Any combat type can have any combat objective. You just marry them. Let
me explain. If you're struggling with your next session, here's what you
can do: two tables, a d8 and a D12. Roll on table one for combat types.
Oh, a five, "the elite team." We're fighting an elite team. But why? Roll a
D12 for combat objective. A 10, "the yink and scadaddle." Well, we want
to steal something from them. Then you ask yourself, what does the elite
team have that we want to steal? It's up to you: magic sword, a scroll of
Titan summoning, the crown of the true king of England. You have a
questgiver NPC tell your players about it, and then tell them that the elite
team might be a lot more powerful than they are. They won't win a straight
on fight. Best of you against scadaddle. But let's be honest, a lot of the
time, your players will pick their own objectives and their own targets, and
then you run the game accordingly.
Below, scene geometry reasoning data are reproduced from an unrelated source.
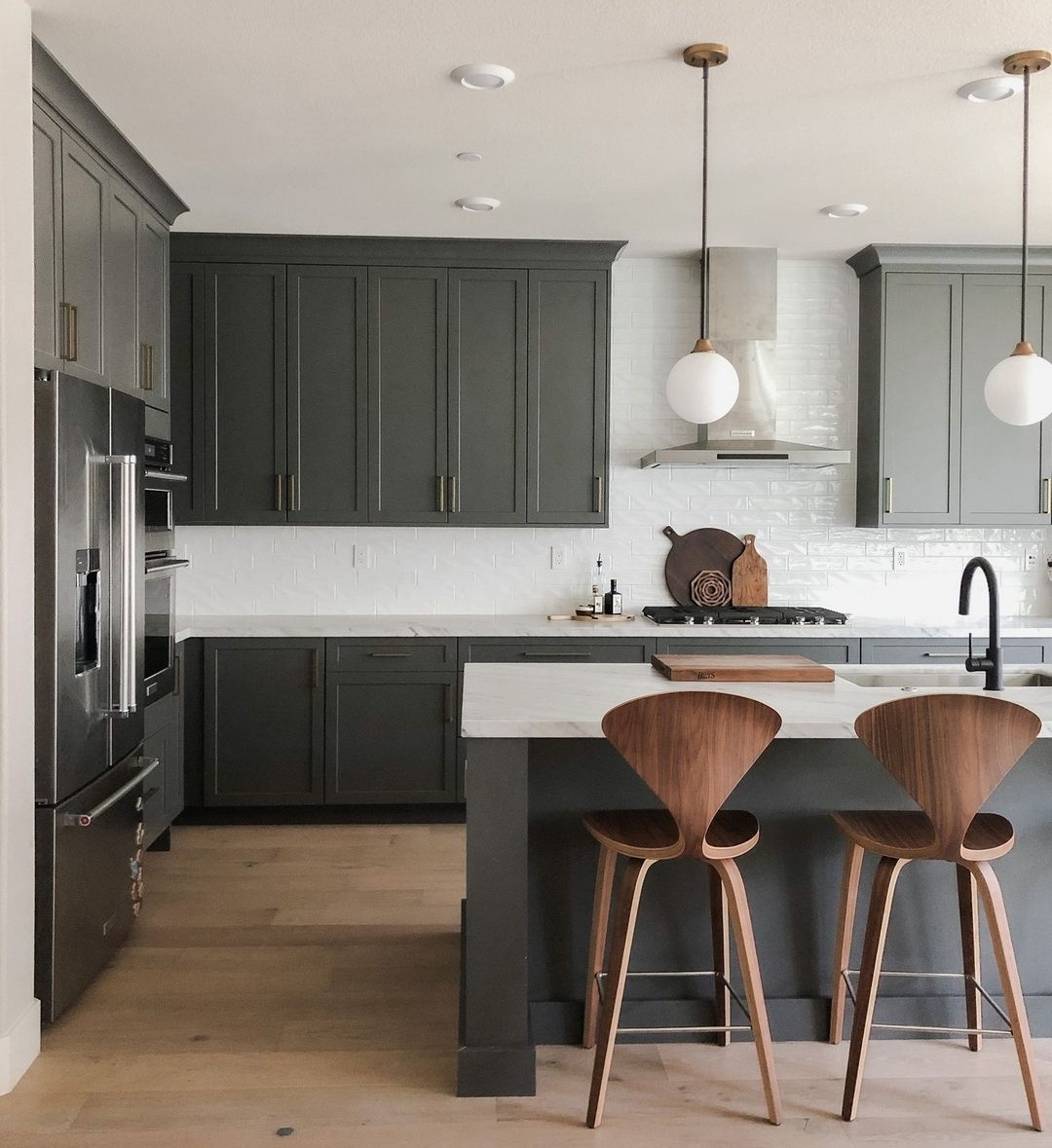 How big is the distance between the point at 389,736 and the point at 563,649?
2.83 feet

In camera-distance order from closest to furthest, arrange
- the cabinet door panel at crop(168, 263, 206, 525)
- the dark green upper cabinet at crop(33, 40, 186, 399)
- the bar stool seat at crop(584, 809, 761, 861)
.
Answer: the bar stool seat at crop(584, 809, 761, 861) → the dark green upper cabinet at crop(33, 40, 186, 399) → the cabinet door panel at crop(168, 263, 206, 525)

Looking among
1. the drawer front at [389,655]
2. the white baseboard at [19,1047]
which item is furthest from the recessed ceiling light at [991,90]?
the white baseboard at [19,1047]

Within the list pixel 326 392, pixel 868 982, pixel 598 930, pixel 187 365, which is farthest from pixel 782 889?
pixel 187 365

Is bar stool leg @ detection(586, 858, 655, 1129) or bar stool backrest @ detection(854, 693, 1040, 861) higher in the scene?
bar stool backrest @ detection(854, 693, 1040, 861)

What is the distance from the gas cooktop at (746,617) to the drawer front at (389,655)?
1.01m

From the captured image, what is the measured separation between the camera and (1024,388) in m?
2.79

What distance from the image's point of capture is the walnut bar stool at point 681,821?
224 centimetres

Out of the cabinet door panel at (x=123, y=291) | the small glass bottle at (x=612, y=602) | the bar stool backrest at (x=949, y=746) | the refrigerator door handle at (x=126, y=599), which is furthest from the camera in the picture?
the small glass bottle at (x=612, y=602)

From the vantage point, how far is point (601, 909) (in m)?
2.58

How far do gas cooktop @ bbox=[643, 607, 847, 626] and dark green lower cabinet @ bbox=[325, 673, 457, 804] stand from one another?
3.43ft

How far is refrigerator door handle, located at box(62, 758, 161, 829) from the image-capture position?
110 inches

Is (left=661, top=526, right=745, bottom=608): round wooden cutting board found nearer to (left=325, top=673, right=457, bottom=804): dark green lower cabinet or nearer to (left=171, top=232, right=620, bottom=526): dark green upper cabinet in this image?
(left=171, top=232, right=620, bottom=526): dark green upper cabinet

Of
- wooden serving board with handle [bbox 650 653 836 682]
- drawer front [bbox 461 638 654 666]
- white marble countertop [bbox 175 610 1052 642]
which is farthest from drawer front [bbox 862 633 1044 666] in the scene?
wooden serving board with handle [bbox 650 653 836 682]

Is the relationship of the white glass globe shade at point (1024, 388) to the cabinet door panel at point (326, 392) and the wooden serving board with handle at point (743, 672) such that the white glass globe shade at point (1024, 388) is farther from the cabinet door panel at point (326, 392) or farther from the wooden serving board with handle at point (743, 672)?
the cabinet door panel at point (326, 392) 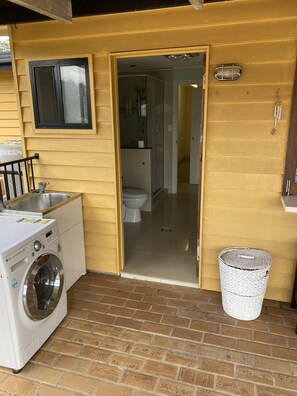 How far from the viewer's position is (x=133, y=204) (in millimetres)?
4316

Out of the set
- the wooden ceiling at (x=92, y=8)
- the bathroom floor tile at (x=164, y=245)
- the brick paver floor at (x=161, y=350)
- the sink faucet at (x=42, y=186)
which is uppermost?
the wooden ceiling at (x=92, y=8)

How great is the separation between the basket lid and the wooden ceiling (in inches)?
76.5

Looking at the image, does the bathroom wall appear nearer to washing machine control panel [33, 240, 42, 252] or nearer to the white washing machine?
the white washing machine

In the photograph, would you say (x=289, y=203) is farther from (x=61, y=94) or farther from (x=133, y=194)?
(x=133, y=194)

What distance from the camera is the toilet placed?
4305 millimetres

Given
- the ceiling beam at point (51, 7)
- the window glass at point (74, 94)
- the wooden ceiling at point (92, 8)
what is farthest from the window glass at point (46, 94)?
the ceiling beam at point (51, 7)

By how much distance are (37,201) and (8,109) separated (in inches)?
87.4

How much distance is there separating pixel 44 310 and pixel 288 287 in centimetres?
200

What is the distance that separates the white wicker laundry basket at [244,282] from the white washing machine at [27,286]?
1.31 metres

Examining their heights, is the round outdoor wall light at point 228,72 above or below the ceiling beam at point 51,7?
below

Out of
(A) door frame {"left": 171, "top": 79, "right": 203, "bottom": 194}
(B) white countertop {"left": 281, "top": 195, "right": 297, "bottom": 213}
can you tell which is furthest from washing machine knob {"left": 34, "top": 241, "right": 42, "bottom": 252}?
(A) door frame {"left": 171, "top": 79, "right": 203, "bottom": 194}

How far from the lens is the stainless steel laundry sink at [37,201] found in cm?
269

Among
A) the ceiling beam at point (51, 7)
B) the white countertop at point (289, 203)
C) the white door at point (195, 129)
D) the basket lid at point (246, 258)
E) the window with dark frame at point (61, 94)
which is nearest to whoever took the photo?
the ceiling beam at point (51, 7)

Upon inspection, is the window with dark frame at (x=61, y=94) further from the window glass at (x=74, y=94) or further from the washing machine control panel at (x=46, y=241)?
the washing machine control panel at (x=46, y=241) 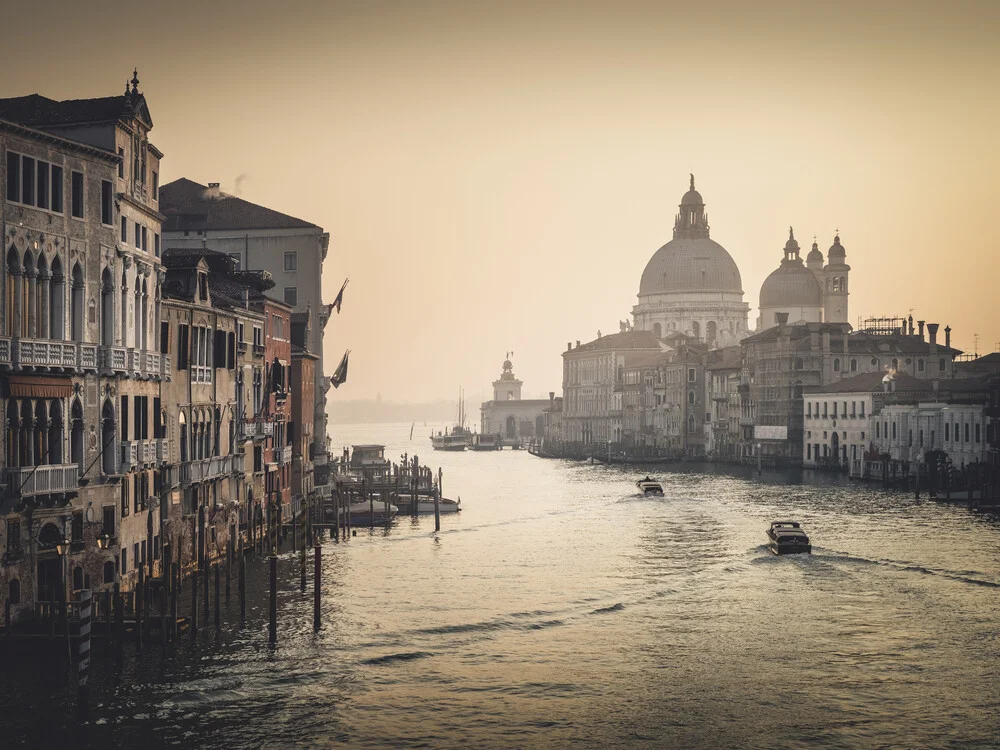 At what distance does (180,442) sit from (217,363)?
4428mm

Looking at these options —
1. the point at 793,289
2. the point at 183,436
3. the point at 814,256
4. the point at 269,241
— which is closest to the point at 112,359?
the point at 183,436

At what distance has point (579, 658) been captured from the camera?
30578mm

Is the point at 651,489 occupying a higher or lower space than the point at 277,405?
lower

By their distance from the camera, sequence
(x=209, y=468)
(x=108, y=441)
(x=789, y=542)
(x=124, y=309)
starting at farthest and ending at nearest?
(x=789, y=542)
(x=209, y=468)
(x=124, y=309)
(x=108, y=441)

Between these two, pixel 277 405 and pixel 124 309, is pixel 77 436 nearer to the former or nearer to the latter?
pixel 124 309

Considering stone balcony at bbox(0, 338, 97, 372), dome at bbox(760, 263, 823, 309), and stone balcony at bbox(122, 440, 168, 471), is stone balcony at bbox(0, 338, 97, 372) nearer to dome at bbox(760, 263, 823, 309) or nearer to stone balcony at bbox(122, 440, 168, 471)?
stone balcony at bbox(122, 440, 168, 471)

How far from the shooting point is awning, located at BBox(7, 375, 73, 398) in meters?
27.0

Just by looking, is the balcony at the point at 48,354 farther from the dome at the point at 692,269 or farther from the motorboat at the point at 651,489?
the dome at the point at 692,269

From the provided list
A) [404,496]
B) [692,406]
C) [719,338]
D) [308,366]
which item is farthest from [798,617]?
[719,338]

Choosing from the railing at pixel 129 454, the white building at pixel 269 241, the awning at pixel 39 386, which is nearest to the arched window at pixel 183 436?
the railing at pixel 129 454

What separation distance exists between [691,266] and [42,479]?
5938 inches

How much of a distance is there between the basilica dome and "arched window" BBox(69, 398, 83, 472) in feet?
484

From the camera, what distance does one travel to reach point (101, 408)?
98.2ft

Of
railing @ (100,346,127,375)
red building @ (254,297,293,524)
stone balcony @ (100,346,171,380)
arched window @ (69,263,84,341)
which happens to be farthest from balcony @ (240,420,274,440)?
arched window @ (69,263,84,341) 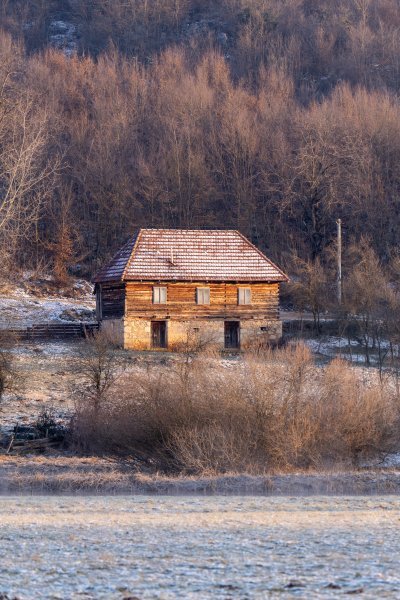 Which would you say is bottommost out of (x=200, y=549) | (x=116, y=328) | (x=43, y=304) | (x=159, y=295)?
(x=200, y=549)

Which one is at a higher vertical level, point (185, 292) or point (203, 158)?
point (203, 158)

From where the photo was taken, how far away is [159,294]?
155 ft

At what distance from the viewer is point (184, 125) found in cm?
7612

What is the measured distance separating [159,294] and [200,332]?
110 inches

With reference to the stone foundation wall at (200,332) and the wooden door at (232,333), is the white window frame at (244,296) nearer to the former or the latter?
the stone foundation wall at (200,332)

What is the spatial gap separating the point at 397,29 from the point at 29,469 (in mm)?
93135

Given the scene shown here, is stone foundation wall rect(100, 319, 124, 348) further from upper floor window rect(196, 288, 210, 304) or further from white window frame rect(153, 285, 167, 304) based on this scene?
upper floor window rect(196, 288, 210, 304)

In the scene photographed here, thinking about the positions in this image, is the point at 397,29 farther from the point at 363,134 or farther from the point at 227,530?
the point at 227,530

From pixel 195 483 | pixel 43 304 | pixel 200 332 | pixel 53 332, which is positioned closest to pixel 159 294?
pixel 200 332

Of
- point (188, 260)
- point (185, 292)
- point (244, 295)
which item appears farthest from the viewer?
point (244, 295)

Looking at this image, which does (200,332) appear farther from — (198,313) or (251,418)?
(251,418)

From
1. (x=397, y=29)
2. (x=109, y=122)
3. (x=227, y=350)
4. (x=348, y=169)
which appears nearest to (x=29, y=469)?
(x=227, y=350)

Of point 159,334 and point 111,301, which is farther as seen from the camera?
point 111,301

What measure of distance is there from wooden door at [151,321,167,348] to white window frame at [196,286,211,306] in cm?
206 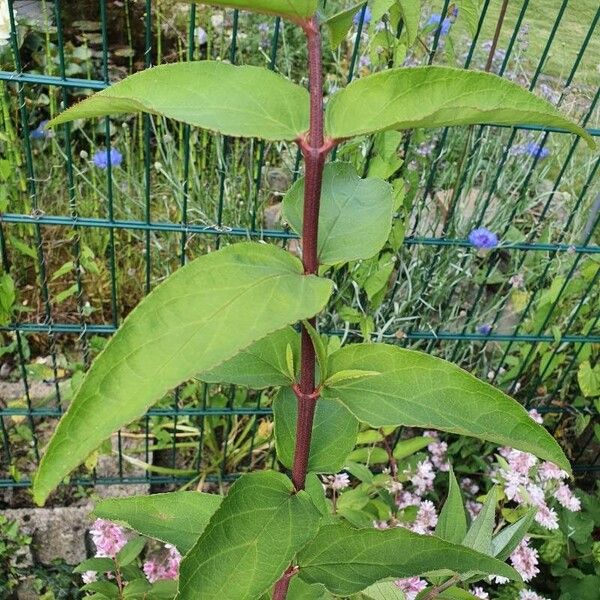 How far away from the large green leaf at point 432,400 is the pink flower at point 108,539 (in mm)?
1093

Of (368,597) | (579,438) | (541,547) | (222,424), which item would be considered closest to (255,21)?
(222,424)

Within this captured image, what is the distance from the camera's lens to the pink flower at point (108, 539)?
1722 mm

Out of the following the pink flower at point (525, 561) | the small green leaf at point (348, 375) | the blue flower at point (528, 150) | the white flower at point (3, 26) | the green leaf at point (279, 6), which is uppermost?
the green leaf at point (279, 6)

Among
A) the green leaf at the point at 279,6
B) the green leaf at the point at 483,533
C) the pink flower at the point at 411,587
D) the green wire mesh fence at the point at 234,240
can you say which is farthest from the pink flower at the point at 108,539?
the green leaf at the point at 279,6

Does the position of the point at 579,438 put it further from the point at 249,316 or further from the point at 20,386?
the point at 249,316

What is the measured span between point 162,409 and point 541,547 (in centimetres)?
113

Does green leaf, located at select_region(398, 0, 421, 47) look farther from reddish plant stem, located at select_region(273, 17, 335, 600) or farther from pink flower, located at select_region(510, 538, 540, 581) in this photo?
pink flower, located at select_region(510, 538, 540, 581)

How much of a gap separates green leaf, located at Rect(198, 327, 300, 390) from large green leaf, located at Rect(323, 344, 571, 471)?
82mm

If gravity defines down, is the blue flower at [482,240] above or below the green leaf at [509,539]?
below

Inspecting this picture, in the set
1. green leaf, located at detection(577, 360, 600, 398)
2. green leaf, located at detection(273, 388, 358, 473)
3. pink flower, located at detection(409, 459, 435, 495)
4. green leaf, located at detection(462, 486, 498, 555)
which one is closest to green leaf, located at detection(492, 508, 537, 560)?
green leaf, located at detection(462, 486, 498, 555)

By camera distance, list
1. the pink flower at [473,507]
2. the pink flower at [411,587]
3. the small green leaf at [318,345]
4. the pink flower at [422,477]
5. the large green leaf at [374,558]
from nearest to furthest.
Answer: the small green leaf at [318,345] < the large green leaf at [374,558] < the pink flower at [411,587] < the pink flower at [422,477] < the pink flower at [473,507]

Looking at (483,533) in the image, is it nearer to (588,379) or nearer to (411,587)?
(411,587)

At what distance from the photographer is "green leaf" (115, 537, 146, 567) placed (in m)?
1.71

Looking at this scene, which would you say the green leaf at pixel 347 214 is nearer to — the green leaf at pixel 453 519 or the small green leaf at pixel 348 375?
the small green leaf at pixel 348 375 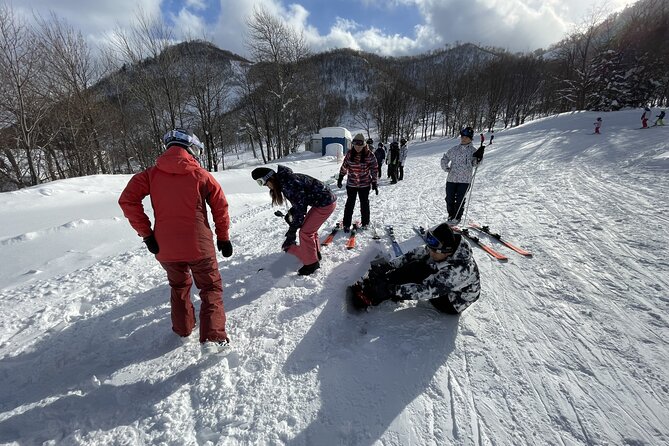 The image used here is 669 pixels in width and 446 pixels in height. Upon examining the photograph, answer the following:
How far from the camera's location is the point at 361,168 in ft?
17.6

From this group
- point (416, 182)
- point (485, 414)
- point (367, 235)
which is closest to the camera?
point (485, 414)

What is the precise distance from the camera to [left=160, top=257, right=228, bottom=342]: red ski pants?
2566 mm

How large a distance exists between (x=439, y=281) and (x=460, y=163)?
11.3 ft

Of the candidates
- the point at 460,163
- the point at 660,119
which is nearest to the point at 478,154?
the point at 460,163

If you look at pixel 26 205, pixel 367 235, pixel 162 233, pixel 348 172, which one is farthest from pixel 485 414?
pixel 26 205

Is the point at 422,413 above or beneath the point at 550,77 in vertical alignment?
beneath

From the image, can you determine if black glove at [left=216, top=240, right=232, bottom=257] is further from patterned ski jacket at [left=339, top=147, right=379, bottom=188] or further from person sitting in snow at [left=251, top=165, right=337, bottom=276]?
patterned ski jacket at [left=339, top=147, right=379, bottom=188]

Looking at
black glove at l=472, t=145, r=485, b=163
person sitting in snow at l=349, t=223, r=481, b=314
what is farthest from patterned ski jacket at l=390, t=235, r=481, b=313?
black glove at l=472, t=145, r=485, b=163

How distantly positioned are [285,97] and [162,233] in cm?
2726

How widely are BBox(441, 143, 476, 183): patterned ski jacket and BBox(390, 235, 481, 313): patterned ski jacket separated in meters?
3.04

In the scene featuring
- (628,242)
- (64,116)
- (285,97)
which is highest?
(285,97)

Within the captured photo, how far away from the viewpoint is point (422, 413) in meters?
2.09

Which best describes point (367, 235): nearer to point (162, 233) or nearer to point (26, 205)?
point (162, 233)

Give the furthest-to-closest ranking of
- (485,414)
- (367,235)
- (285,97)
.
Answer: (285,97), (367,235), (485,414) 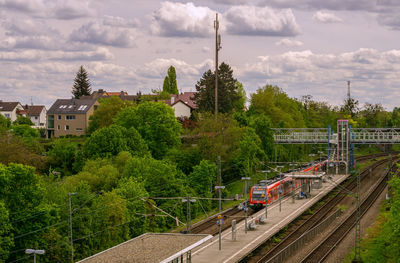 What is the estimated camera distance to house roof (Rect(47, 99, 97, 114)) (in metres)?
117

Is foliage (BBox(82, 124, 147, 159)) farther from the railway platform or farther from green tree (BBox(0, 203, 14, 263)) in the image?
green tree (BBox(0, 203, 14, 263))

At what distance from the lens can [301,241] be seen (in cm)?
4234

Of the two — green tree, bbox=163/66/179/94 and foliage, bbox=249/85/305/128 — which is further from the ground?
green tree, bbox=163/66/179/94

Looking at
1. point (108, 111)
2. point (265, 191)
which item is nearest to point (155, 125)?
point (108, 111)

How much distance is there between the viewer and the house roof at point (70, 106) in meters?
117

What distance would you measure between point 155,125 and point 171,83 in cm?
8249

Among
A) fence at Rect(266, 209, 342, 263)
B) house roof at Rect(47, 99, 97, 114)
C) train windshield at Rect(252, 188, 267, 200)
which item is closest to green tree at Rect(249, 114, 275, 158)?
train windshield at Rect(252, 188, 267, 200)

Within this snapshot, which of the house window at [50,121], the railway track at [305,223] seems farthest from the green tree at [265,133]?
the house window at [50,121]

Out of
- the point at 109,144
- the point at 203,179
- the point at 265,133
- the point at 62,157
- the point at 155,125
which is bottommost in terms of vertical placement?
the point at 203,179

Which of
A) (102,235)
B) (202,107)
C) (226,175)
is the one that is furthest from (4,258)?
(202,107)

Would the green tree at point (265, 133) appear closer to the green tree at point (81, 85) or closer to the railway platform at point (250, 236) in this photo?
the railway platform at point (250, 236)

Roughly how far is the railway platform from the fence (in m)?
2.56

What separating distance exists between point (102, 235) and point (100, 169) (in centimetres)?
Answer: 1259

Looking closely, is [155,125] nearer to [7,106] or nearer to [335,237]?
[335,237] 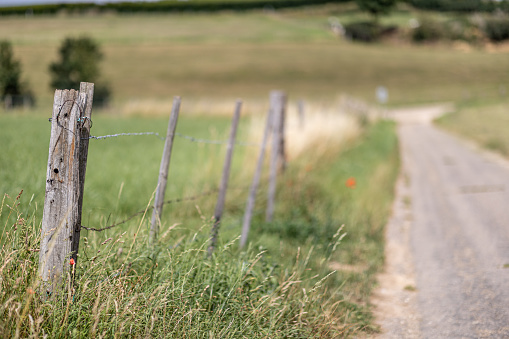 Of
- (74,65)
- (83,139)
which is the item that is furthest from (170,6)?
(83,139)

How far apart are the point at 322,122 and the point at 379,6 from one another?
266ft

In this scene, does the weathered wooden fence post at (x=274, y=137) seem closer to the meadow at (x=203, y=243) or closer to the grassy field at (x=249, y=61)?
the meadow at (x=203, y=243)

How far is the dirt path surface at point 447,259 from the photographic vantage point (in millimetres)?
4234

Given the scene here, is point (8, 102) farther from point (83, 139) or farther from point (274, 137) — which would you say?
point (83, 139)

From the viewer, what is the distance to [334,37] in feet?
267

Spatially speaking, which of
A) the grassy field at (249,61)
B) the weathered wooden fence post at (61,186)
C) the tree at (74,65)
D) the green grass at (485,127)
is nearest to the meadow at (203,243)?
the weathered wooden fence post at (61,186)

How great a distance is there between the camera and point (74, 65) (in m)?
35.9

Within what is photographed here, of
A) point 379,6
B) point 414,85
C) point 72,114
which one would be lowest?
point 414,85

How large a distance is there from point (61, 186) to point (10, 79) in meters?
33.3

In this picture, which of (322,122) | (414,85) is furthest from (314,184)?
(414,85)

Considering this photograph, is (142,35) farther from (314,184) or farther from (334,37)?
(314,184)

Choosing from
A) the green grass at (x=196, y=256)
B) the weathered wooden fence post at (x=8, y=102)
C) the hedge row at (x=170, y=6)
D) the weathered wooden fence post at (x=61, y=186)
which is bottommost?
the weathered wooden fence post at (x=8, y=102)

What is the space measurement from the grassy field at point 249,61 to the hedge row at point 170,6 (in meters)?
3.42

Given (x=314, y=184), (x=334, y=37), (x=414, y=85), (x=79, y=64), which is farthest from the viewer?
(x=334, y=37) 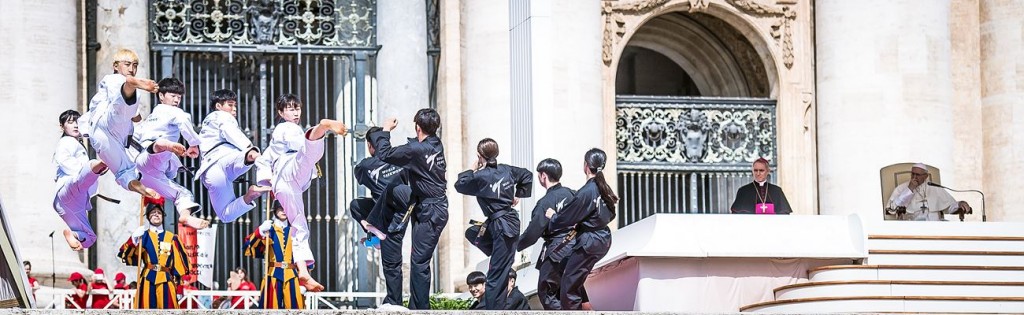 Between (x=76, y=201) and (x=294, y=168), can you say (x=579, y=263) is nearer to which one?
(x=294, y=168)

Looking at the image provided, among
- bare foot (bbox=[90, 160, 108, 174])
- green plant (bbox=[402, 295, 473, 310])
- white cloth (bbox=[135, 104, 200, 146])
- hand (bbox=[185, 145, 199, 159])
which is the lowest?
green plant (bbox=[402, 295, 473, 310])

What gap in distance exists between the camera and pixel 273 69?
27.2 metres

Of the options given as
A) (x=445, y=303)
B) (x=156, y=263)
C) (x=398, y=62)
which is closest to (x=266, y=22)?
(x=398, y=62)

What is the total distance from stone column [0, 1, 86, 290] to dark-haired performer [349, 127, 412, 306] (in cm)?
671

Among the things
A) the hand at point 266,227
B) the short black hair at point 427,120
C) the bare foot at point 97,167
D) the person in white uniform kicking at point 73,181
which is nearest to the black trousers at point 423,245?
the short black hair at point 427,120

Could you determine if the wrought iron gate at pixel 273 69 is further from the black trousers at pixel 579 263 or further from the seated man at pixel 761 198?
the black trousers at pixel 579 263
In those cases, though, I find it good
to have a structure like this one to remind myself about the purpose of
each encounter, to understand what they're about, what the story is, to
avoid the slog.
Obviously, I'm not saying every fight needs to have complex objectives or
that you're not allowed to just run death matches. They can be a lot of fun.
I love running death matches, and I do them all the time. In fact, I
probably run more death matches than all the other kinds of objectives put
together. But an occasional combat encounter with an objective can
Elevate the whole story and your play experience. It'll make combat as a
pillar of the game more engaging across the board.